Situated in the extreme south of Burgundy, Beaujolais is a vast region of nearly two hundred villages and communes, which are spread out on varying subsoils and are influenced by individual terroirs. Unofficially, Beaujolais forms the dividing line between northern and southern France. Straddling the un-specified equivalent of the American Mason-Dixon Line, authentic Beaujolais flows in copious quantities north to Paris and south to Lyon and beyond to the delight of many.
In spite of inherent variations in quality, which reflect the differences in soil composition, altitude, and level of production among the region’s thousands of growers, one common denominator comes to fore in Beaujolais – the Gamay grape. Gamay provides the defining character and flavor of Beaujolais, and nowhere is this more the case than in the 10 cru villages of Beaujolais – the source of the finest wines of the region. Although wines bearing a Beaujolais or Beaujolais-Villages AOC can provide very pleasant drinking, the ten cru villages comprise the heart of Beaujolais and offer the consumer the finest Gamay wines in the world. In addition, each of these ten townships possesses a special terroir and individual set of characteristics that make for memorable drinking.
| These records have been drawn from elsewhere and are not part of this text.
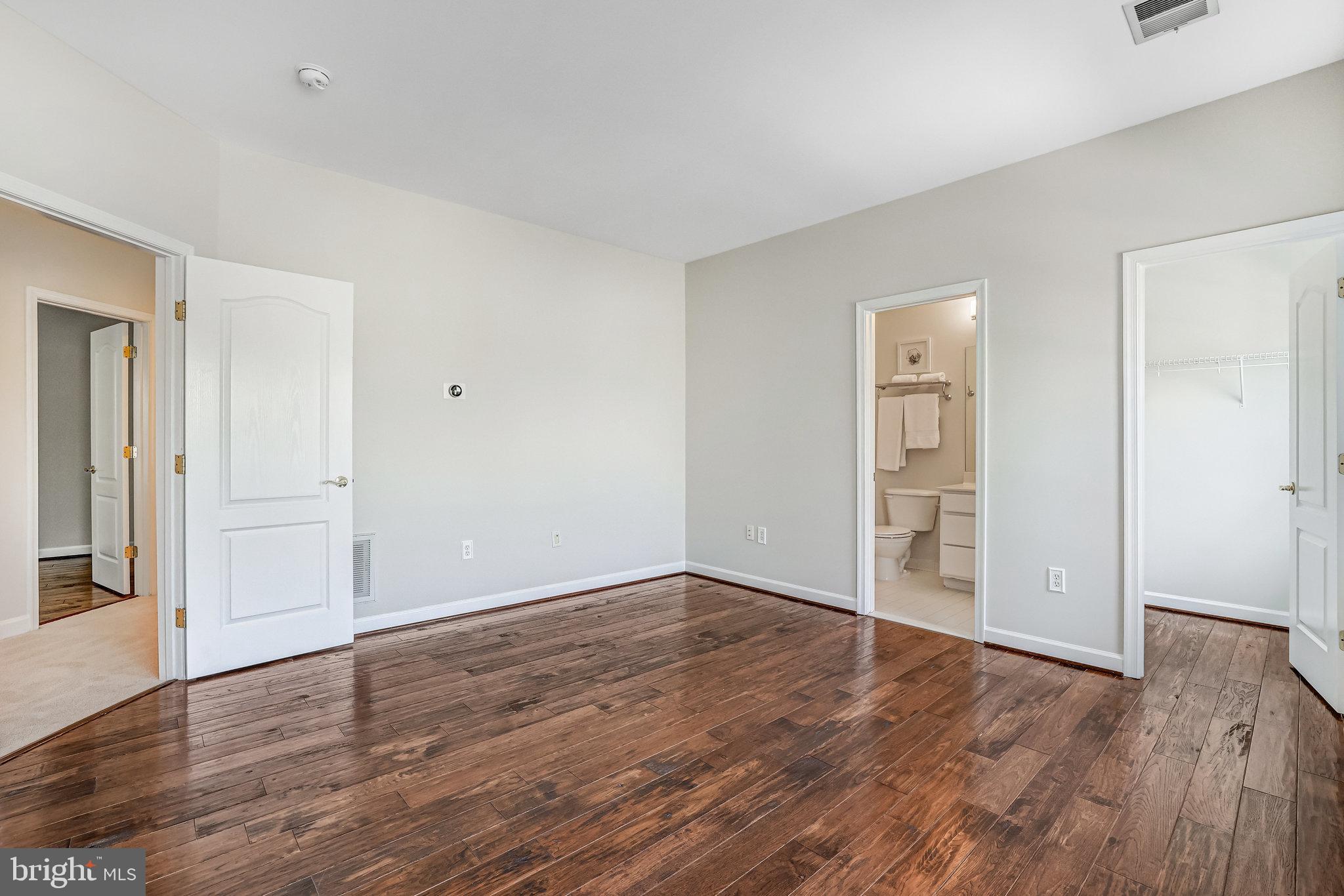 CLOISTERS OF FAIRFAX - Residential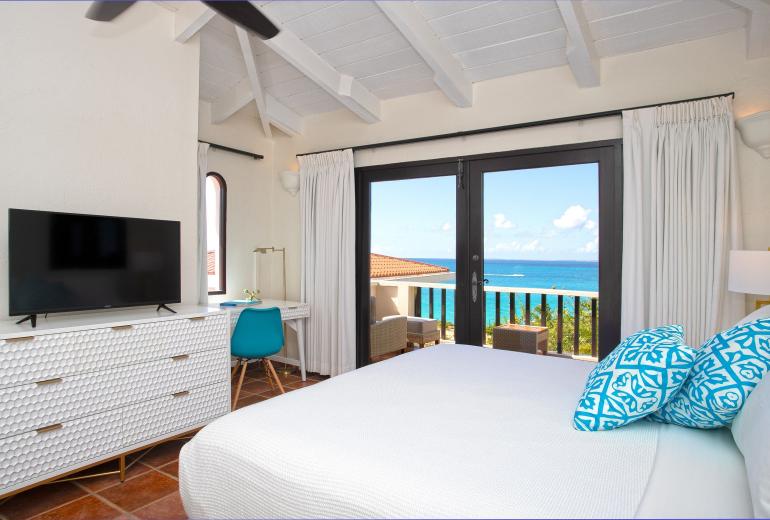Sxm020 – Beachfront villa with cottage in Baie Rouge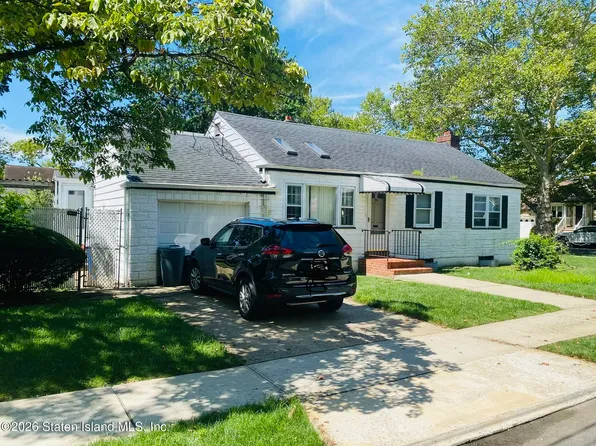 60 Allison Ave, Staten Island, NY 10306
These 10 cru villages of Beaujolais are Brouilly, Côte de Brouilly, Chiroubles, St. Amour, Fleurie, Regnie, Chenas, Morgon, Julienas, and Moulin-à-Vent. Although each cru has its merits and particular attributes, Morgon, Julienas, and Moulin-à-Vent are widely acknowledged to be the finest, fullest and most Burgundy-like of the wines of Beaujolais, and they enjoy an enviable reputation for ageing up to five years or more in bottle with excellent results.
Some reliable producers of excellent cru Beaujolais include Château de Pizay, Château de Saint Lager, Daniel Bouland, Georges Descombes, and Mathieu Lapierre. Like all Beaujolais, cru Beaujolais is best consumed in the company of good home cooking and served cool or even just slightly chilled. Enjoy!